Monte Carlo Control CMPUT 366: Intelligent Systems S&B 5.3-5.5, 5.7 Lecture Outline 1.

4. THE MONTE CARLO METHOD 4.1 I ntroduction This chapter is aimed at describing the Monte Carlo

If Mathematical Proof is a Game, What are the States and Moves? David McAllester 1 AlphaGo Fan

AlphaZero The new Chess King How a general reinforcement learning algorithm became the worlds

Mastering Chess and Shogi by Self- Play with a General Reinforcement Learning Algorithm by

From Deep Blue to Monte Carlo: An Update on Game

CS 225 Data Structures Dec. 11 Flo loyd- Warshalls Algorithm Wad ade Fag agen-Ulm

Recent Advances in Reinforcement Learning (with a focus on ) Patrick Scholz

CS 309: Autonomous Intelligent Robotics FRI I Lecture 2: Introduction to AI Instructor: Justin

What are the emerging technologies? 1- Machine Learning (ML) 2- Block Chain Technologies (BCT)

TD3, Monte Carlo Tree Search Milan Straka December 17, 2018 - PowerPoint PPT Presentation

NPFL122, Lecture 10 TD3, Monte Carlo Tree Search Milan Straka December 17, 2018 Charles University in Prague Faculty of Mathematics and Physics Institute of Formal and Applied Linguistics unless otherwise stated Deterministic Policy Gradient

Monte Carlo Generators Monte Carlo Generators Monte Carlo Generators QCD Lecture III P .

TD3, Monte Carlo Tree Search Milan Straka December 09, 2019 Charles University in Prague

Monte-Carlo tree search for Monte-Carlo tree search for multi-player, no-limit multi-player,

Monte Carlo Tree Search 2-15-16 Reading Quiz What is the relationship between Monte Carlo tree

Monte Carlo Methods Guojin Chen Christopher Cprek Chris Rambicure Monte Carlo Methods 1.

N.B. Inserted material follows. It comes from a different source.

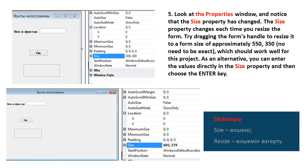Fifth step: look at the Properties window and notice that the Size property has changed. The Size property changes each time you resize the form. Try dragging the form's handle to resize it to a form size of approximately 550 by 350. As an alternative, you can enter the values directly in the Size property and then choose the Enter key. New words: size, shape.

Monte Carlo Approximation of Monte Carlo Filters Adam M. Johansen et al. Collaborators Include:

BROCHURE 2019 TETRA JUICES DEL MONTE DEL MONTE 6 x 1L GOLD PINEAPPLE 6 x 1L 6 x 1L 6 x 1L

INF580 Advanced Mathematical Programming TD3 Complexity and MP Leo Liberti CNRS LIX,

Modern Monte Carlo Tree Search Andrew Li, John Chen, Keiran Paster 1 Outline Motivation

Balanced Search Trees Binary Search Trees Binary Search Tree Binary Search Tree A binary tree is

Chapter 5: Monte Carlo Methods Monte Carlo methods are learning methods Experience

Draft Introduction to (randomized) quasi-Monte Carlo Pierre LEcuyer MCQMC Conference,

Monte Carlo Estimation 7 January 2019 OSU CSE 1 Monte Carlo Methods Class of computational

Monte Carlo Localization Ximing Yu March 24, 2009 Ximing Yu Monte Carlo Localization 1

Monte Carlo Control CMPUT 366: Intelligent Systems S&amp;B 5.3-5.5, 5.7 Lecture Outline 1.

4. THE MONTE CARLO METHOD 4.1 I ntroduction This chapter is aimed at describing the Monte Carlo

If Mathematical Proof is a Game, What are the States and Moves? David McAllester 1 AlphaGo Fan

AlphaZero The new Chess King How a general reinforcement learning algorithm became the worlds

Mastering Chess and Shogi by Self- Play with a General Reinforcement Learning Algorithm by

From Deep Blue to Monte Carlo: An Update on Game

CS 225 Data Structures Dec. 11 Flo loyd- Warshalls Algorithm Wad ade Fag agen-Ulm

Recent Advances in Reinforcement Learning (with a focus on ) Patrick Scholz

CS 309: Autonomous Intelligent Robotics FRI I Lecture 2: Introduction to AI Instructor: Justin

What are the emerging technologies? 1- Machine Learning (ML) 2- Block Chain Technologies (BCT)

Monte Carlo Control CMPUT 366: Intelligent Systems S&B 5.3-5.5, 5.7 Lecture Outline 1.